That is the idea. It is no longer the reality.
In the past two decades, sports has become an investment to many parents, one that they believe could lead to a college scholarship, even though the odds are bleak. Parents now start their kids in sports as toddlers, jockey to get them on elite travel teams, and spend small fortunes on private coaching, expensive equipment, swag and travel to tournaments.
Youth sports is the new keeping up with the Joneses.
“The parents try to one-up each other,” said Tony Korson, founder of Koa Sports, a nonprofit sports league in Montgomery County that tries to provide an alternative to the youth sports status quo, with trained coaches and encouragement of multiple sports. “You get one parent who says, ‘I traveled to Tennessee for a tournament.’ Another says, ‘Well I flew to California.’ And then, ‘Oh my son is going to Puerto Rico.’ ”

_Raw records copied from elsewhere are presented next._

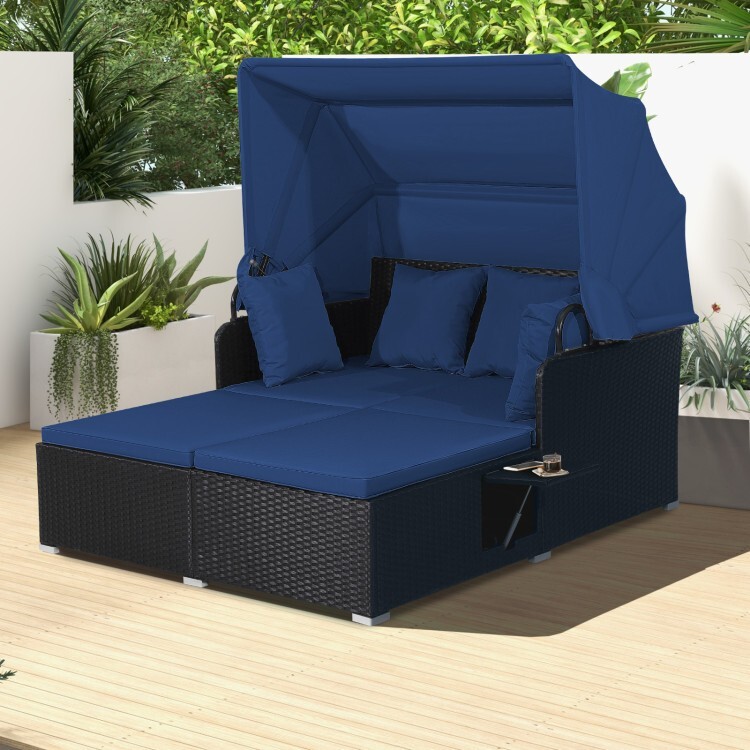 Outdoor Patio Rattan Daybed Lounge Retractable Canopy Side Table W/ Navy Cushion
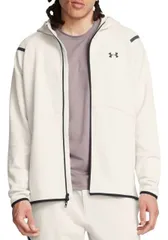 【送料無料】 アンダーアーマー メンズ パーカー・スウェット アウター Under Armour Men's Unstoppable Fleece Full-Zip Hoodie Summit White/Black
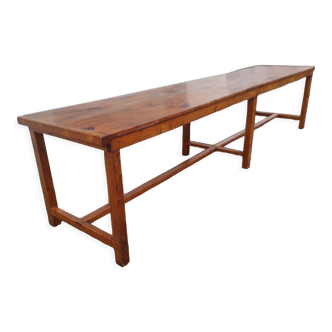 Old country farmhouse table of 3m50 for 12 people with rustic fir spacers
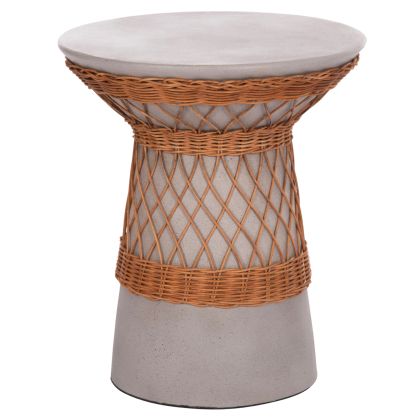 SIDE TABLE ROUND DELIA HM18167.03 FIBER CEMENT GREY & RATTAN Φ40x45Hcm.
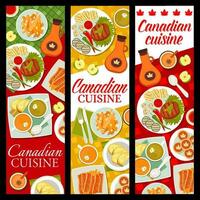 Canadian cuisine meals and dishes vector banners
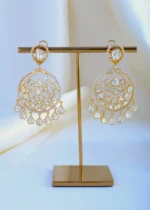 Luxurious Moissanite Polki Chandbali Earrings EAR000869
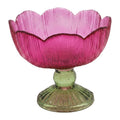 Clayre & Eef Teelichthalter Grosse Blueten Fussschale Farbglas Fuchsia Magenta Salbeigruen Ø 17x13 cm (6GL5549F)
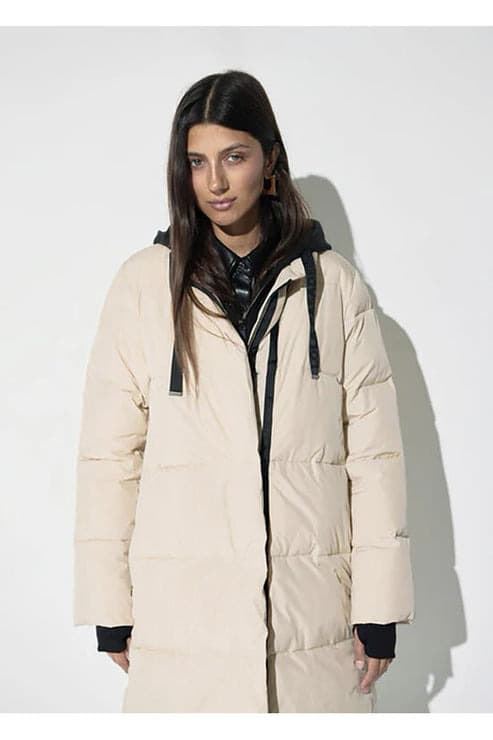 Anorak Lola Casademunt Largo con Capucha Crudo LF2601011 001 - Imagen 3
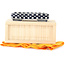 Maceta rectangular para bonsái de color blanco y azul de Echizen - 82 x 37 x 17 mm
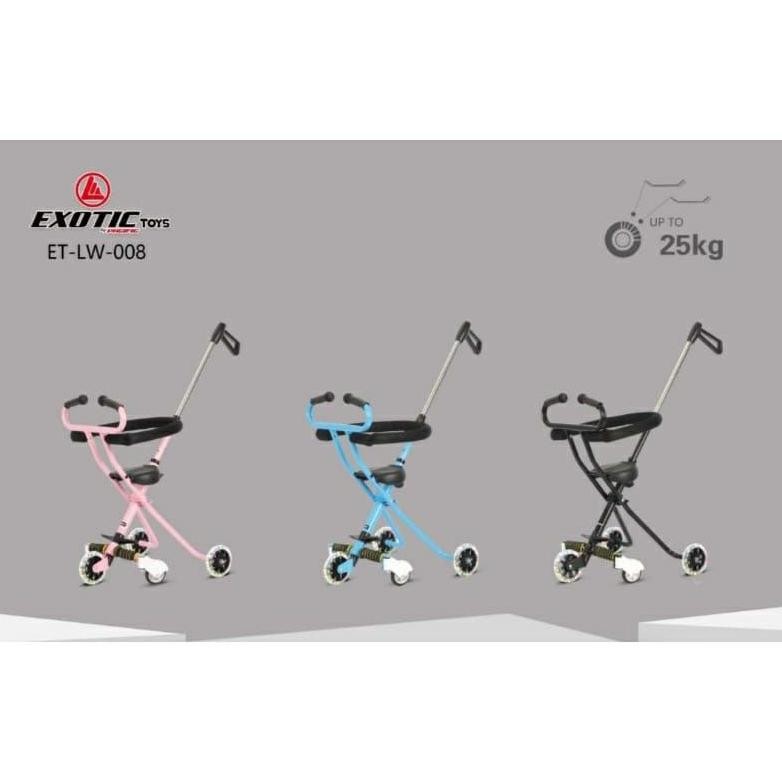 STROLLER SEPEDAH Kursi Dorong Anak Exotic ET-LW008 Roda 5 Lampu Fold Magic Stroller STROLLER SEPEDA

Some parents — usually those on the outside — look at the situation with astonishment.
“What I want to know is why there are so many families that are into travel sports?” asked one poster on DC Urban Moms and Dads, a popular online chat board. Someone answered: “Honestly I think there are many parents who like it,” adding, “in their own mind they are thrilled at their son being an ‘elite’ athlete.” Another person replied: “What playing a travel/club sport can do is take a kid who is a decent athlete and give them a leg up.”
But nobody bothered to ask the kids what they wanted. Now, researchers are beginning to survey children. Not unsurprisingly, they have a different idea of what youth sports should be.
Amanda Visek, an exercise science professor at George Washington University, recently surveyed nearly 150 children about what they found fun about sports. (Her sample included kids who play travel and recreational sports.) The kids identified 81 factors contributing to their happiness.
Number 48: winning.
Also low on the list: playing in tournaments, cool uniforms and expensive equipment. High on the list: positive team dynamics, trying hard, positive coaching and learning. Whenever Visek presents her findings to win-hungry parents and coaches, there is a lot of pushback.
“They don’t want to believe it,” she said.
Yet the No. 1 reason why kids quit sports is that it’s no longer fun.
This is how youth sports looks now: The most talented kids play on travel teams beginning at age 7 (or sometimes younger), even though many athletes bloom much later; the best coaches (often dads who are former college athletes) manage travel teams, leaving rec leagues with helpful but less knowledgeable parents in charge; and coaches of elite teams pressure kids to play only one sport (the one they are coaching), even though studies show this leads to injuries, burnout and athletes who aren’t well rounded.
Particularly with specialization, parents believe they are making the right choice in pursuit of a scholarship.
“I’m done trying to tell parents that the odds are against them,” said Hyman, the GW professor. “That’s a loser’s game. They don’t want to believe that. The better approach is to tell them that what they’re doing is not helping you reach your goal.”
Those who study the issue are more worried about the millions of kids who just want to play sports for fun but get the least attention.
“The rec leagues become much less sustainable,” said Tom Farrey, a sportswriter running the Aspen Institute’s initiative on youth sports. “These kids kind of know they are second-class, and they check out quickly. The quality of coaching isn’t as good. The kids fall behind. It becomes a compounding effect.”
With traditional team sports in decline — the number of kids playing touch football is down more than 7 percent, slow-pitch softball down 5 percent, and baseball, basketball and soccer all down nearly 2 percent — niche sports might be benefiting from some of the quitters. Lacrosse is up nearly 12 percent. Field hockey is up nearly 8 percent.
Meanwhile, the race is on to put solutions in place. The Aspen Institute has made eight recommendations, including revitalizing in-town leagues, reintroducing free play, encouraging sports sampling, training coaches and, perhaps most important, asking kids what they want.
The largest organizations in sports are making moves. Major League Baseball is partnering with the Positive Coaching Alliance to train youth coaches. The U.S. Tennis Association is encouraging sports sampling and hosting roundtables on the topic. U.S. Youth Soccer is moving next year from 11-on-11 games to 9-on-9 and 7-on-7, which youth sports advocates believe will be more fun and increase skills development.
“Hopefully, these ideas can help change things,” Farrey said. “You’re not going to change the culture by telling parents to stop acting like fools.”